In summary; placemaking and place activation both aim to improve spaces for public use, placemaking is a broader, more strategic approach that often includes place activation as one of its elements. Place activation, however, focuses on immediate and temporary interventions to bring vibrancy and activity to a place.

While we completely agree that placemaking is about more than just providing an engaging environment, there is no doubt that place activations, when done well and most importantly, promoted effectively, can dramatically raise awareness, build affinity, and lead to actions from your chosen audience.

How does DS.Emotion activate a place?

  1. Understand the Brand

Our first task is to fully understand the destination’s unique proposition through our Active Branding process, build a brand around it, and deliver our work with this single-minded proposition at the forefront. Of course, this is while delivering on our clients’ ultimate objectives.

  1. Build the Project Team

We have built a dedicated team specifically to deliver place activations – essentially creating and managing events and experiences that generate awareness of your brand and build affinity with it. The activation process focuses on enhancing the journey to action for customers, whether that’s through purchasing or buying more, visiting more often, or recommending the place to others. How often and for how long have we heard that traditional retail, to compete with online sales, should be ‘experience-driven’?

  1. Consider Social

However, an activations team alone cannot reach audiences beyond those who experience the event or share it through their social media accounts. That’s why our next move was to develop and expand our social media team, who would work hand in hand with our activations team, to transform our social media followers from viewers into participants and then into ambassadors. Compelling social content can create deep relationships with existing customers and proactively puts your brand in front of further potential customers, rather than waiting for them to discover you organically.

 

How does this enhance traditional B2B occupier marketing? 

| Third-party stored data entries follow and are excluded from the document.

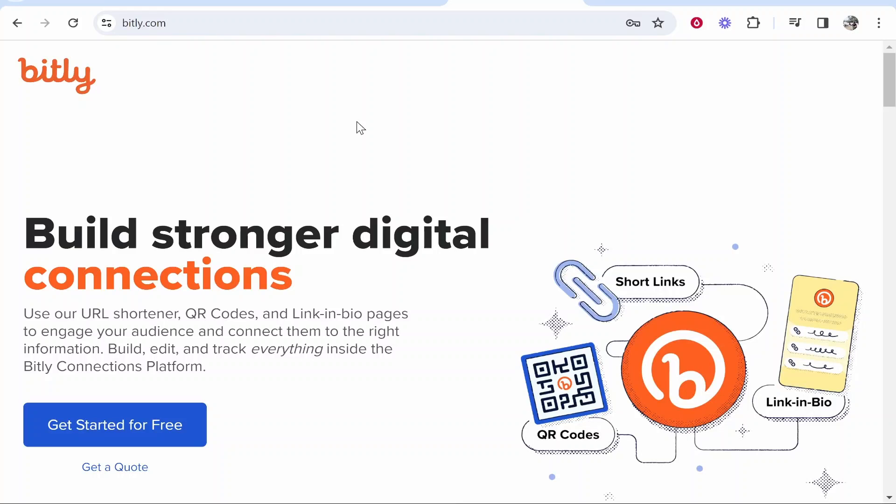In this video, I'm going to show you how you can use Bitly. Bitly is a URL shortener, you can create QR codes and create link-in-bio pages.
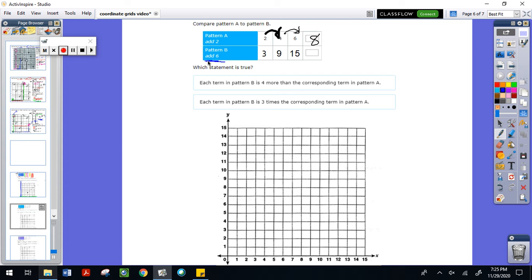From three to nine they added six. From nine to fifteen they added six. So from 15, if we add six, that gives us 21.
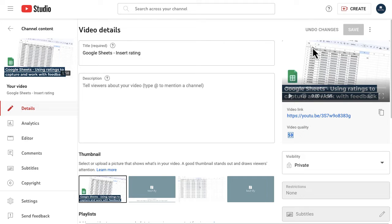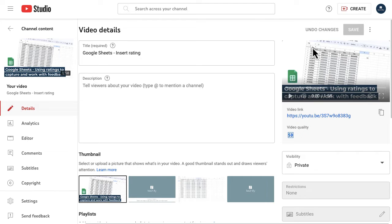I might do a video on that at some point to show you that process because it really helps to block certain tasks in at the same time so you're not having to go backwards and forwards, because some of the things you do with YouTube videos can be quite repetitive.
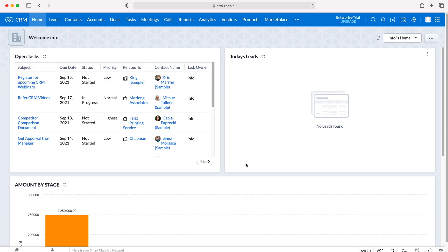Once you log into your Zoho CRM system you'll come to the home screen. In order to print a view of the Zoho CRM system we can do this for any module. In this instance I'm going to use our accounts module.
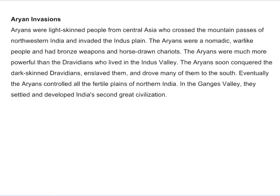Aryan invasions. Aryans were light-skinned people from Central Asia who crossed the mountain passes of northwestern India and invaded the Indus plain. The Aryans were a nomadic, warlike people who had bronze weapons and horse-drawn chariots. The Aryans were much more powerful than the Dravidians who lived in the Indus Valley. The Aryans soon conquered the dark-skinned Dravidians, enslaved them, and drove many of them to the south. Eventually the Aryans controlled all the fertile plains of northern India. In the Ganges Valley, they settled and developed India's second great civilization.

Positive experiences build affinity, and affinity leads to more visits, longer dwell-times, increased footfall, and better word-of-mouth (and social) referrals. Greater footfall and dwell- time lead to higher sales and performance for retail and leisure operators, thus attracting more pop-up and permanent occupiers, increases the opportunity to retain them and raises rental values in the future.

We develop place activation and social media strategies that deliver on your objectives while uncovering your proposition or ‘unique selling points’. We divert some of your traditional marketing budget towards activities that we know provide a direct return on investment and most importantly, cash into the tills of your occupiers.

 

What’s next? Commercial is changing the game and residential is following.

Post-pandemic, daily office occupier levels meant that landlords and asset managers had to drive people back into the workplace to make their assets sustainable. We’re employing the same activation principles to enhance the working days of office workers, which in turn drives worker footfall back into the workplace.

We’re also working with the residential sector to create better places to buy and rent, providing a greater sense of community and ‘neighbourliness’, and in turn, a greater feeling of contentment and well-being. This makes residents choose the destinations we represent, stay living there for longer, and refer these places to their family and friends.